So you finally booked those tickets to Puerto Rico and are sitting at your desk daydreaming of warm beaches, white sands, and all-day piña coladas when suddenly you wonder, exactly how much of that dangerously delicious Puerto Rican rum can I bring back home with me? Worry not dear foodies, we’re here to help you stock up on as many local goodies as possible before the USDA officially considers you a smuggler.   😉

Now what exactly can can you bring from Puerto Rico to the US? And how much of it? Since Puerto Rico is officially a U.S. commonwealth, traveling there is no different than traveling to any other state and U.S. citizens don’t need special documents or visas. This means all vacationers need to remember in their carry-ons is a government-issued photo ID. It also means visitors are free to bring back a large number of local goods back home without having to jump through too many hula hoops at customs.

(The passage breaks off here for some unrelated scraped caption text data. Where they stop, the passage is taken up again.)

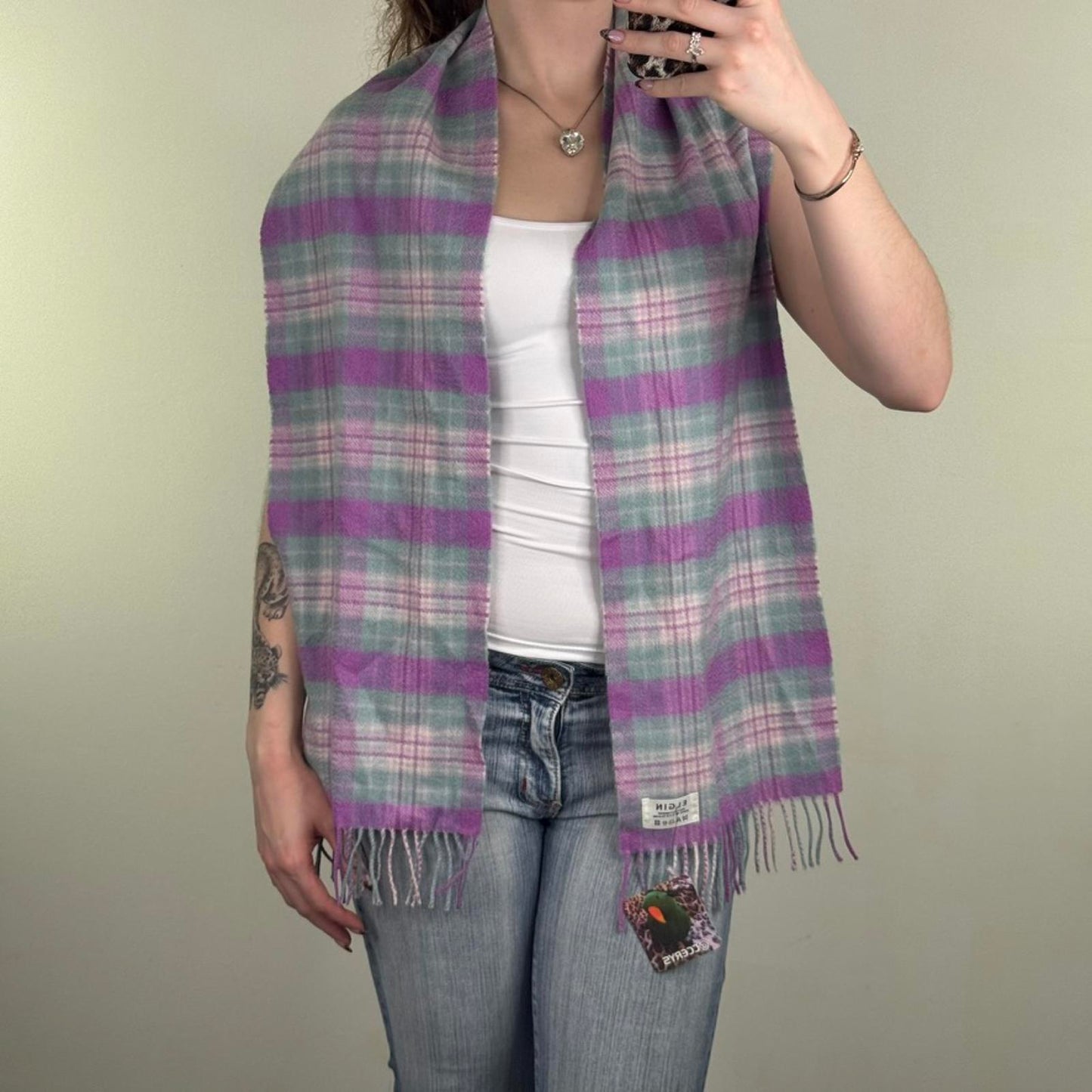 Y2K vintage pure cashmere scarf plaid tartan pastel purple blue fringe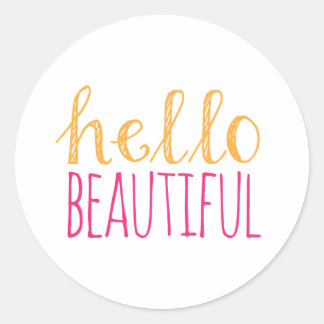 Sticker Rond Bonjour belle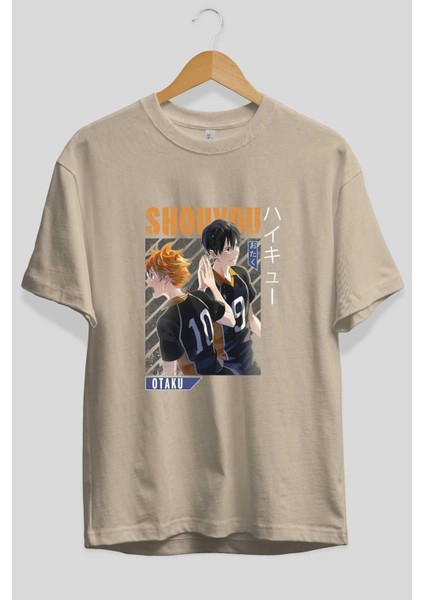 Shouyou Hinata 12 Anime Ön Baskılı Bej Oversize T-Shirt Erkek Kadın fiyatları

While there is no customs per se between the mainland and the island, all baggage is required to pass through a screening process by the United States Department of Agriculture (USDA) prior to leaving Puerto Rico. At the Luis Munoz Marin International Airport, travelers will find large conveyor belt-style screening machines ready to scan bags curbside. Make sure to do this before checking your bags, otherwise you’ll have to make the line again. If you’re carrying any type of fruit or or produce, be sure to let them know. Suprises not so welcome.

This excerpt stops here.